There is plenty of work that needs to be done around Samizdat:
- deployment procedure needs to be streamlined (for example, a WordPress plugin to automagically push content to IPFS upon publication would be a very good idea!)
- mobile support
- additional transport plugins need to be implemented
- documentation needs to be greatly improved

## Similar projects

There was and is a number of projects similar to Samizdat. Here's a non-exhaustive list.

I had a nice chat with [NetBlocks](https://netblocks.org/) people at MozFest, turns out they had a similar idea some years ago when Service Workers were a new standard. In case of a blockage they used just a simple `fetch()` to a list of fall-back IP addresses not exposed in the DNS for a given domain.

Apparently this worked well enough, the problem was that Service Workers were not available on mobile back then. This has changed. The project seem to have been called Lazarus, but I was not able to find any sources.

The [lunet](https://github.com/gozala/lunet) project explored the same basic idea. Currently the project seems defunct.

[NewNode](https://clostra.com/newnode.html) attemtps to implement a decentralized protocol for fetching content in a form of a library that is easy to use in mobile apps. [Push app](https://www.pushapp.press/) is a mobile app generator. It already implements Tor as a fall-back in case regular HTTPS requests to the back-end fail. OCCRP has been working on integrating NewNode into it (turns out it's not that easy).

### Browsers should lead

Important Sidenote: All of this should not be necessary. It is, because browser vendors do not seem interested in implementing decentralized protocols. There is some [good cooperation](https://blog.torproject.org/tor-heart-firefox) between Mozilla and the Tor Project (including the [Tor Uplift](https://wiki.mozilla.org/Security/Tor_Uplift) project), and there is [Project Fusion](https://wiki.mozilla.org/Security/Fusion), aiming to implement Tor directly in Firefox, but... well, that wiki page was last edited over 2.5 years ago.

Furthermore, there are [things browser vendors can do](https://sammacbeth.eu/blog/2019/03/22/dat-for-firefox-1.html) to make peer-to-peer protocols more viable in the browsers. [Beaker Browser](https://beakerbrowser.com/docs/faq/) implements `dat://` protocol directly, showing this is possible.

And yes, I am focusing on Mozilla Firefox here, because we damn well know Google is not going to be interested in implementing any of this in Chrome/Chromium (instead,peddling Google Shield and AMP, their own Internet centralization efforts).

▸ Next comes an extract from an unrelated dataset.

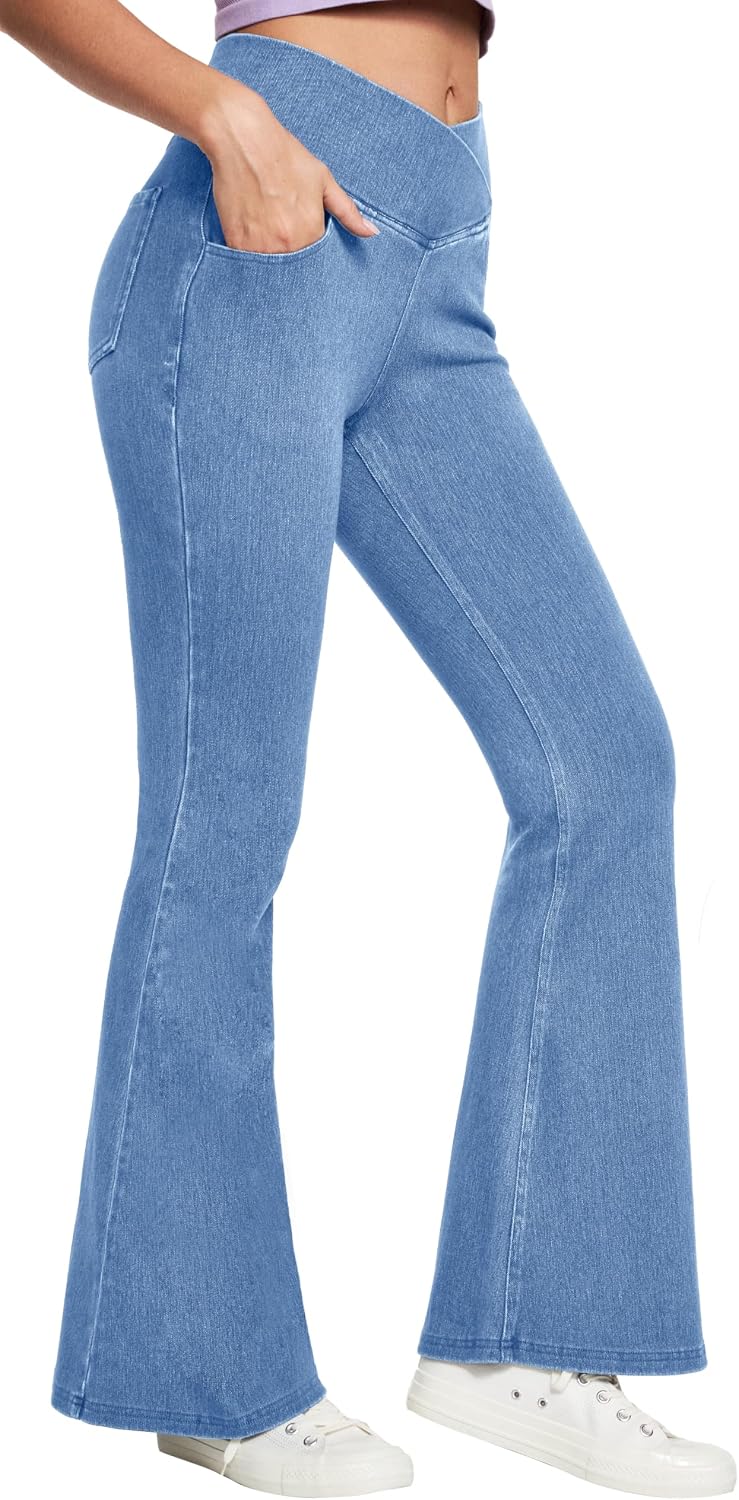 Detalle de IUGA Pull-On Flare Jeans
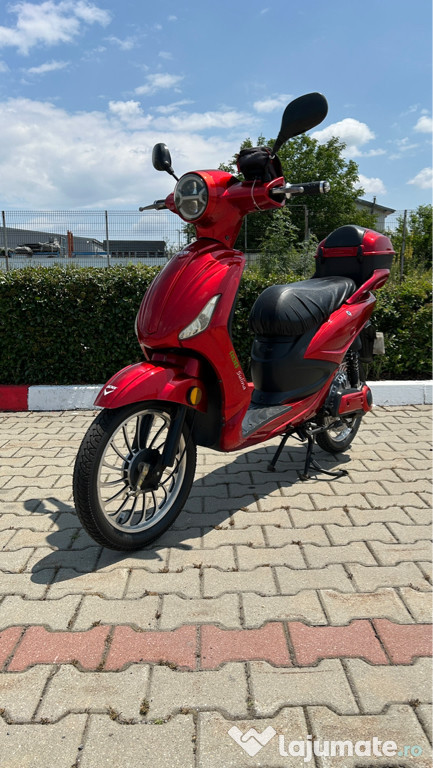 VÂND SCUTER ELECTRIC RDB SULINA CA NOU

Not to mention Safari, which [did not even implement Service Worker API fully](https://developer.mozilla.org/en-US/docs/Web/API/Client#Browser_compatibility).

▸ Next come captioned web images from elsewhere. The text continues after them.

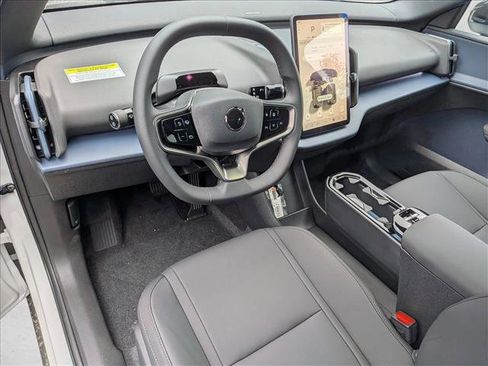 New 2026 Volvo EX30 Plus image 3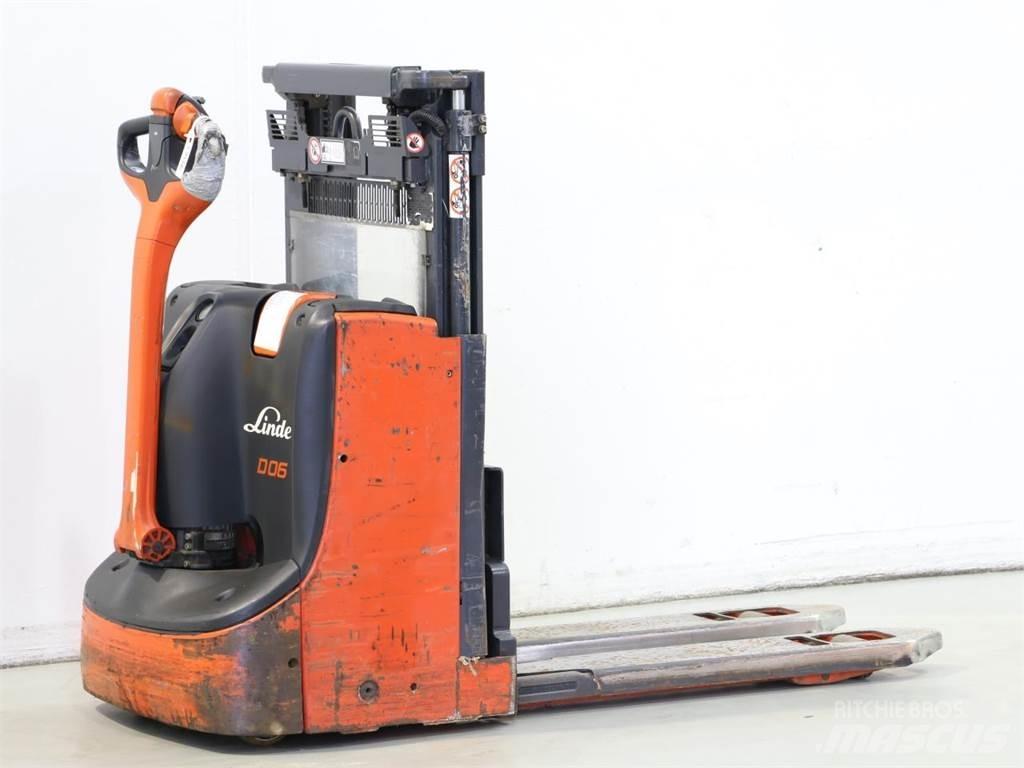 Linde D06/1160-00 Παλετοφόρα πεζού χειριστή με ιστό
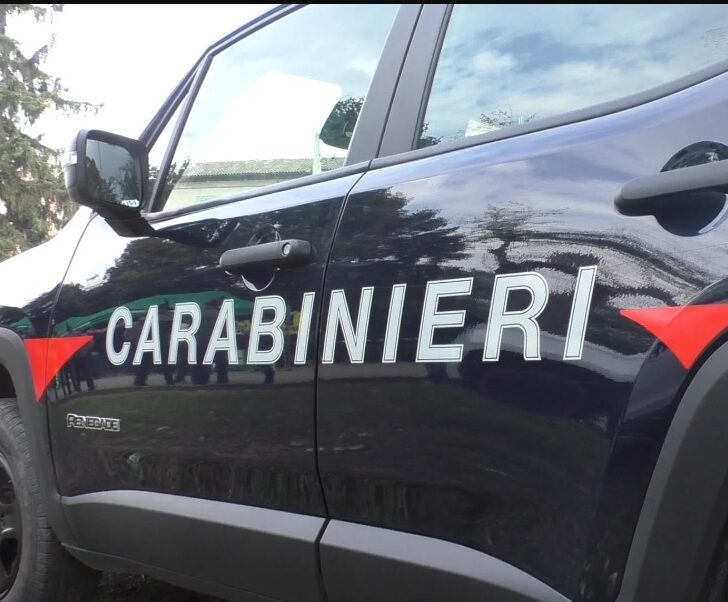 Blitz dei Carabinieri nelle campagne del Pavese: arrestato spacciatore con eroina e cocaina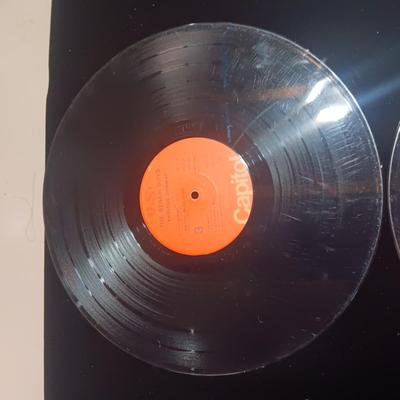 2 BEACH BOYS AND BRYAN ADAMS VINYL RECORDS W/NO JACKETS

Thing is, Mozilla is positioned in a way such that it could lead in this. Once Firefox implements Tor, or things required for truly peer-to-peer protocols, other browsers could be shamed into doing so too.


## The future needs to be decentralized

Internet's original strengths and promise stemmed from its decentralized nature. We need to find a way to decentralize it again.

This will require work and not taking the easy way out. It's on all of us and the small decisions we make, like including a JS file from a third-party server, or putting our site behind one of the behemoth CDNs.

But is necessary if we don't want to end up with glorified cable TV.